Murray Hill is usually not the place I would go to for good sushi, or anything culturally expansive for that matter. The good restaurants, however few there may be, get lost in a sea of Brooks Brothers suits and Tasti D-Lites. I hope that Chado doesn't get lost in the crowd, because it is definitely a standout amongst the lackluster California Rolls of the east side.

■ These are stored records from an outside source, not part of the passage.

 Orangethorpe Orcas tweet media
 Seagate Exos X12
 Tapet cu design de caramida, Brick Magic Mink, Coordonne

Situated on 36th street between Madison and 5th Avenues is Chado, a modern Japanese and sushi restaurant with a subtle exterior. The interior is quite the contrary, with bold, black leather chairs, a sleek white bar, and spotless floors (always a good sign). My good friend Nick and I were greeted by Omar, the owner, and Mike, other owner and head chef, who would be preparing most of our meal on this particular night. Omar told us that Mike has a unique talent for pairing sushi with distinct sauce accompaniments as opposed to serving just the traditional soy sauce, so I made sure that we got a few rounds of sushi. We started off with some appetizers though: chilled cauliflower and carrot miso soup that looks heavy and creamy, but is made with no cream – they made sure that we knew that. It was a nice combination of textures; velvety at first, with a little spice from the chili oil, and a crunch from some crumbled peanuts on top. Even though it was cold soup (I'm usually not a fan), I really liked it.

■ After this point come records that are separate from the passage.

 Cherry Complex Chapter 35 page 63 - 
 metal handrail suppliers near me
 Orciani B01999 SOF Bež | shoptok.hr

I had to request the beef short ribs with garlic-honey-tamari sauce and french fries at a Japanese restaurant, right? Who wouldn't?? I'd say the sauce was good, but the short ribs were a little inconsistent; some were nice and tender, others were a little fatty and chewy. The fries werenice and crispy – but you'd have to be pretty bad to screw up a french fry. My favorite appetizer was definitely the duck salad with a jalapeno plum vinaigrette. Tender morsels of duck lay atop a bed of mixed greens, red onion, carrots, tomato and cucumber, all tossed in this creamy and slightly spicy vinaigrette. Me = big fan.

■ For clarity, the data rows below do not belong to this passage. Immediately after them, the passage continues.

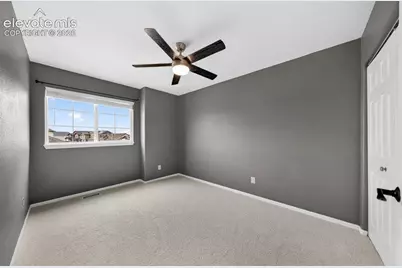 7983 Superior Hill Place, Colorado Springs, CO 80908 - Photo 40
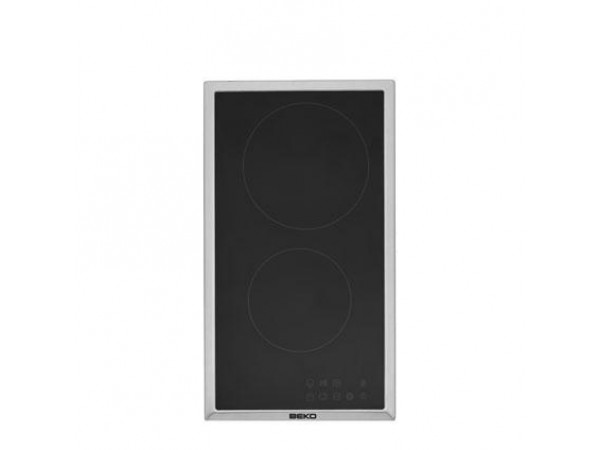 Beko HDMC 32400 TX 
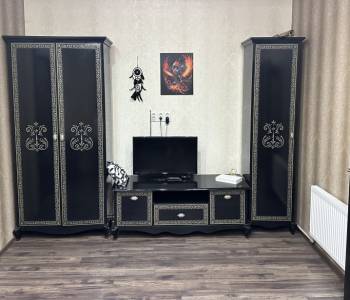 Сдается Дом, 97 м²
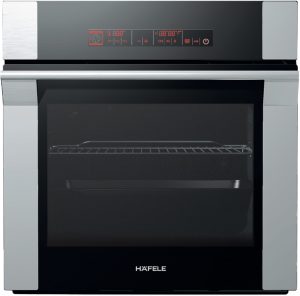 Lò nướng âm tủ Häfele HO-T60A 535.00.300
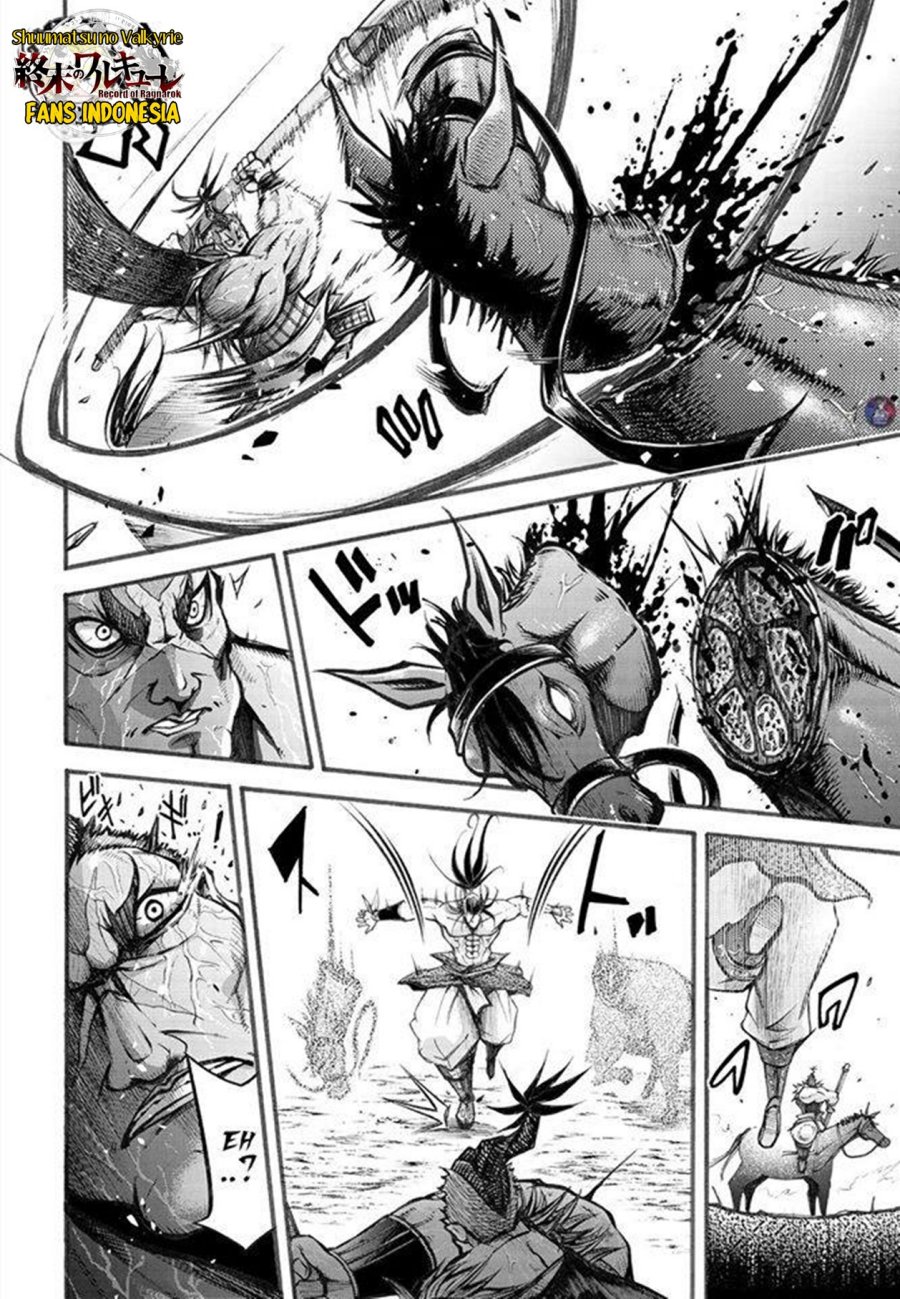Chapter 5 - halaman 8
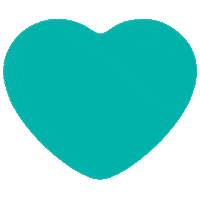 Pampers babies mommy motherhood mom life Sticker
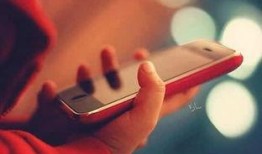 愿为你手机在线观看,尽享手机在线观影新体验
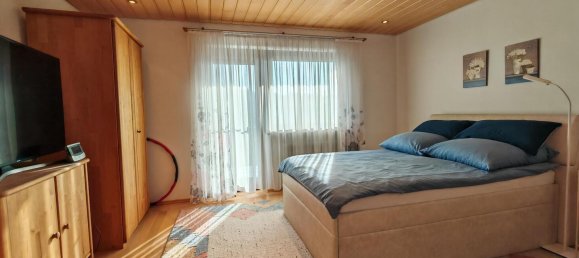 Casa de 10 divisões em Enzkreis, Germany N.º 5050 22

To my surprise and enjoyment, the sushi was delicious. It was definitely the first time I ever ate sushi sans soy sauce, but fortunately, chef Mike knows what he is doing with his pairings. Some of my favorites (in no particular order): tuna with avocado sauce, red snapper with black olive sauce, salmon with red pepper/paprika sauce, eel with caramelized pineapple, tuna with caramelized onions, and the marinated scallop sushi. My only complaint about the sushi was the spicy tuna on top of a fried rice cake; it wasn't spicy at all. Spicy tuna is one of my favorite types of sushi, so this was mildly disappointing, but fortunately there were plenty of other yummy options. See evidence below.
Since it was Nick's birthday, I felt it was my job as best friend to embarrass him with some birthday singing. I asked the waiter if they had a dessert that they could put a candle in, and fortunately, they had a molten chocolate cake with ice cream. Mmmm. I definitely didn't need Nick's birthday as an excuse to order that. When is molten chocolate cake ever a mistake? That rhyme wasn't intentional, I swear.
I'd like to revisit Chado to see what pairings they will come up with next, but I seriously discourage the use of soy sauce here (unless you are getting traditional rolls), because in this case, the soy will just drown out the flavors and it may even clash. There is a bit of soy inside some of them already anyway, so the only thing I would suggest is a dash or two of wasabi paste. A little extra kick wouldn't hurt. Unless it was a karate kick. Lame joke…I know it.